Keywords: bone disorders, childhood, chronic HCV infection
Introduction
A reduced bone mineral density (BMD) due both to a lowered physiological bone turnover and to limited osteosynthesis processes is among the extrahepatic complications most frequently identified in adults suffering from end-stage liver disease. The incidence of osteopenia and osteoporosis is particularly high in cases of primary biliary or alcoholic cirrhosis (20–60% of cases) as well as in chronic HBV or HCV related hepatopathies which have become the first cause of hepatic cirrhosis over the past decade (1–3).
Several hormonal, toxic and metabolic factors may intervene in the pathogenesis of hepatic osteodystrophy; these also combine with secondary factors (nutritional deficits, malabsorption, inactivity) and with the speed of hepatic damage progression.
In particular “low turnover” osteoporosis is determined by the reduced hepatic synthesis of IGF-1, hyperbilirubinemia and plasma retention of other substances linked to cholestasis, which can inhibit osteoblastic activity.
On the other hand in the pathogenesis of “high turnover” osteoporosis (characterized by an increased osteoclast activity) a deficit in vitamin D, calcium and serum phosphates is a determining factor and results in parathyroid hormone (PTH) hyperincretion which stimulates osteoclast function.
Recent studies show a comparable prevalence for “high- and low turnover” osteoporosis in cases of cirrhosis and also highlight a significant correlation between the rapid progression of liver disease and the onset of osteoporosis, with a reduction of bone density mainly evident at lumbar vertebrae and hip joint (3).
Only few reports have been published about bone disorders in children and adolescents with liver disease. Generally most forms of chronic hepatopathy in this population are of viral origin and represent the consequence of vertical or transfusional transmission. Available data about the prevalence of bone disorders are limited mainly because of the low number of patients evaluated, included in studies with the aim just to define the pathogenetic role of hormones (such as PTH) and their mediators with osteoblasts, such as IGF-1 and TGF-beta (4, 5).
On the contrary, our study is aimed to evaluate not only the prevalence of decreased bone mineral density in a cohort of HCV infected children, adolescents and young adults but also to define an algorithm for early diagnosis of bone disorders in people affected with chronic liver disease acquired perinatally or in the early years of life.
Patients and methods
30 caucasian patients (13 males – 17 females) aged 5–31 years (median 16.5 years) with chronic hepatitis C were followed at the Department of Infectious Diseases of the University of Pavia.
They had neither clinical or laboratory evidence of cholestasis nor had received steroid therapy or parenteral nutrition. Endocrine disorders (such as thyroid or sexual hormones dysfunctions) or gastrointestinal disease (malabsorption or celiac disease) were ruled out in all of them. Each patient followed a balanced diet with regular calcium intake.
All patients underwent clinical examination and anthropometric measurements.
The diagnosis of chronic HCV hepatitis was assessed by the evidence of plasma HCV-RNA in at least two determinations; the viral genotype was identified in every case. In a subgroup analysis the patients were divided on the basis of HCV-RNA plasma level (lower or higher than 600,000 UI/ml). In all of them the clinical outline was determined by measurement of alanine transaminases (ALT) levels (expressed as a median value drawn from the results of the previous two years of follow-up). Fibrosis score was based on histological evaluation of tissue samples obtained with liver biopsy or, alternatively, by performing ultrasound elastography (Fibroscan).

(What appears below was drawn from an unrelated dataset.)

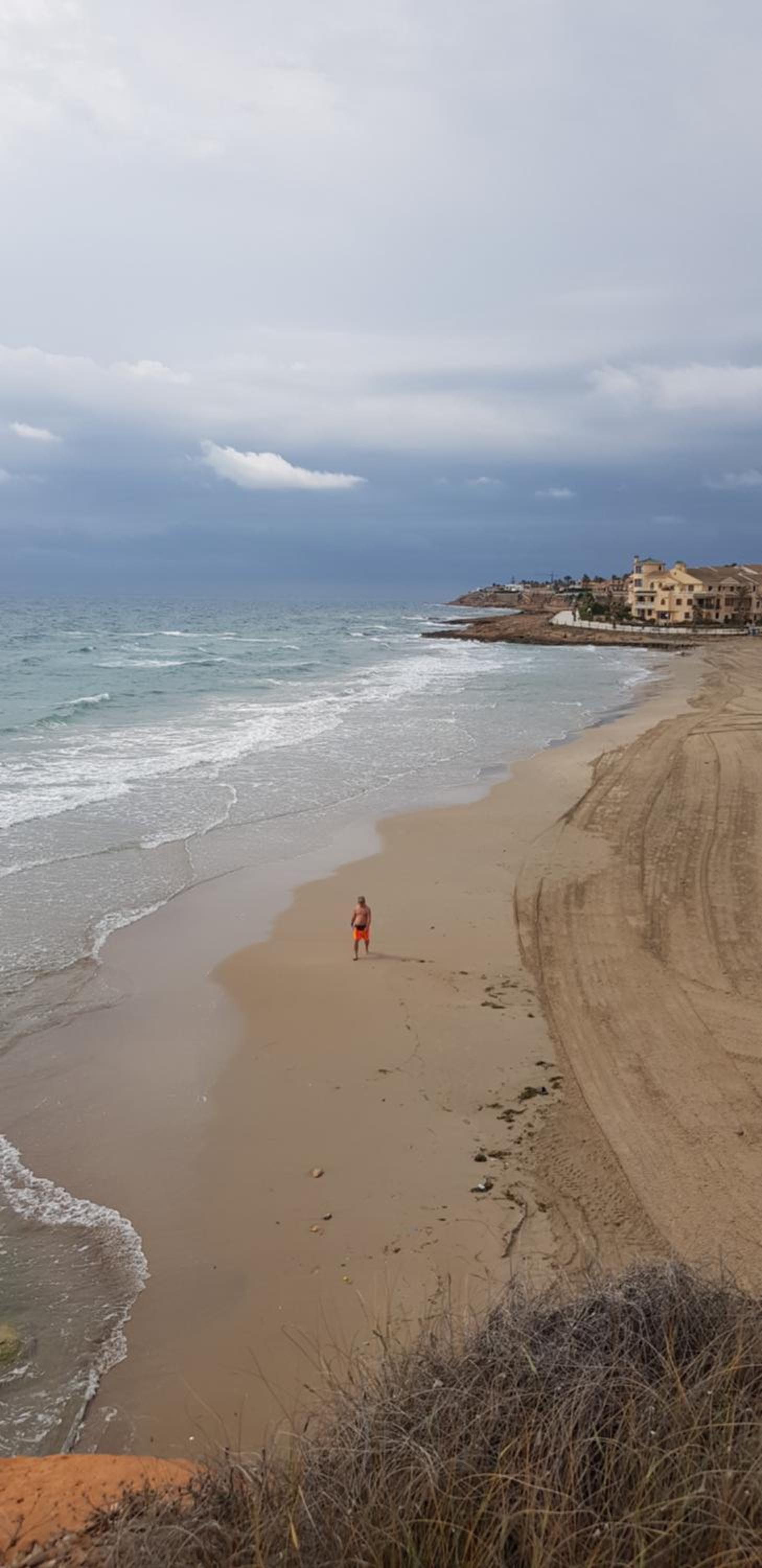 La Zenia Holiday Home
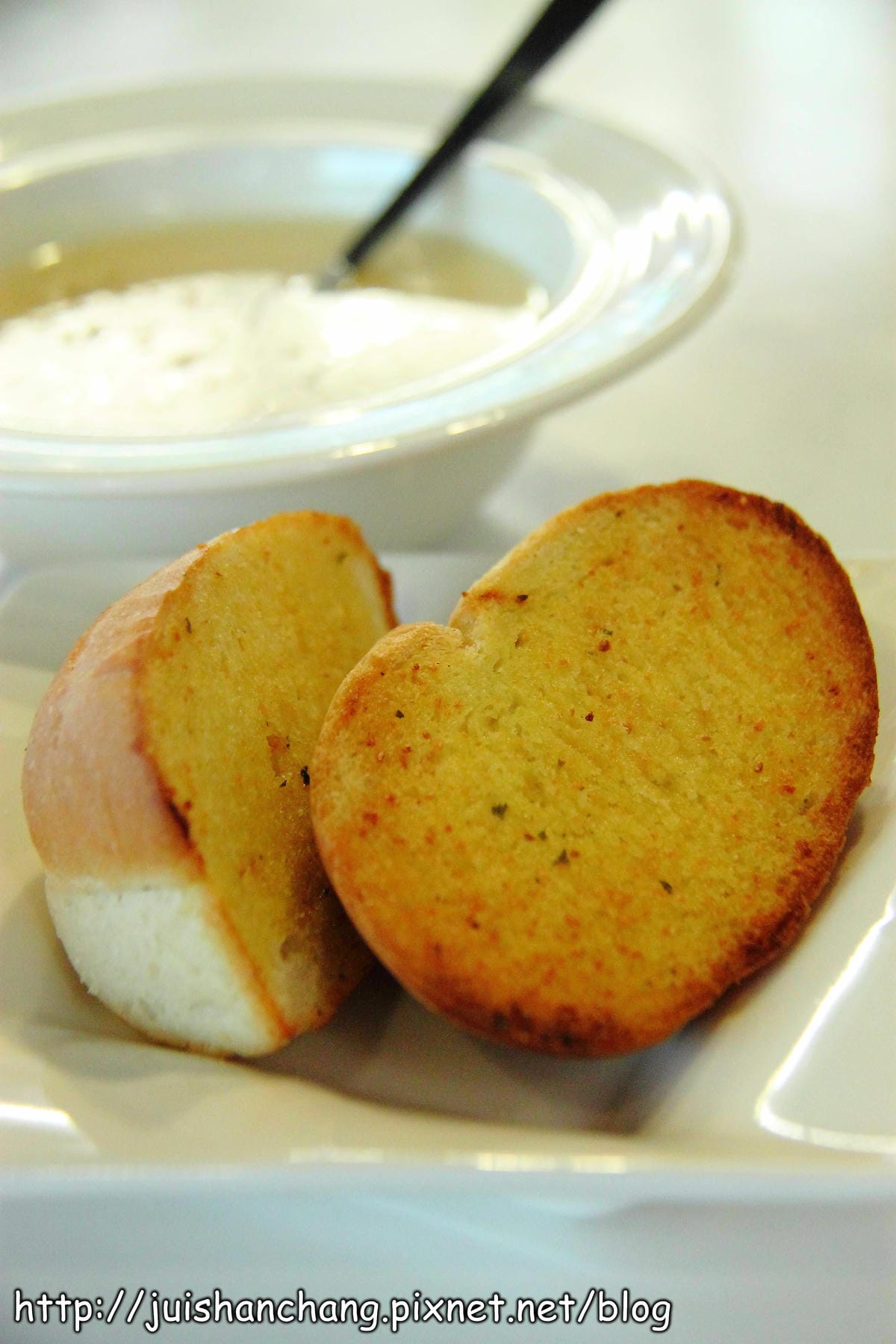 【廣宣—台中】異想空間公仔主題餐廳～超夢幻電影公仔大集合！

The diagnosis of osteodystrophy was based on biochemical and instrumental analysis. The former (carried out with quarterly frequency over 18 months of monitoring) included, in addition to evaluation of serum level of calcium, inorganic phosphates and alkaline phosphatase, the measurement of serum osteocalcin (as an index of osteosynthesis), of C-terminal telopeptide of the collagen molecule type 1 (CTX), selected as bone reabsorption index, and the serum 25(OH) vitamin D determination.
26/30 patients annually underwent ultrasound measurement of bone density with the Omnisense device (Sunlight Technologies, Rehovot, Israel). This analysis is based on measurement of the speed of propagation of ultrasound throughout the bone, performed at proximal phalanx of the middle finger, shin bone and radius distal segment. For patients younger than 20 years, WHO criteria for the diagnosis of osteoporosis were adopted: T-score level between +1 and −1 SD (Standard Deviation) compared to the median value calculated for the population in young-adult age was considered normal; where T-score was between −1 and −2.5 SD osteopenia was diagnosed, while T-score values <−2.5 SD indicate osteoporosis. The Omnisense device only provides a “generic” pediatric reference curve for children aged from 0 to 12 years; nevertheless, the values in childhood may differ greatly because of various factors such age, sex, race, environmental factors and bone segment examined.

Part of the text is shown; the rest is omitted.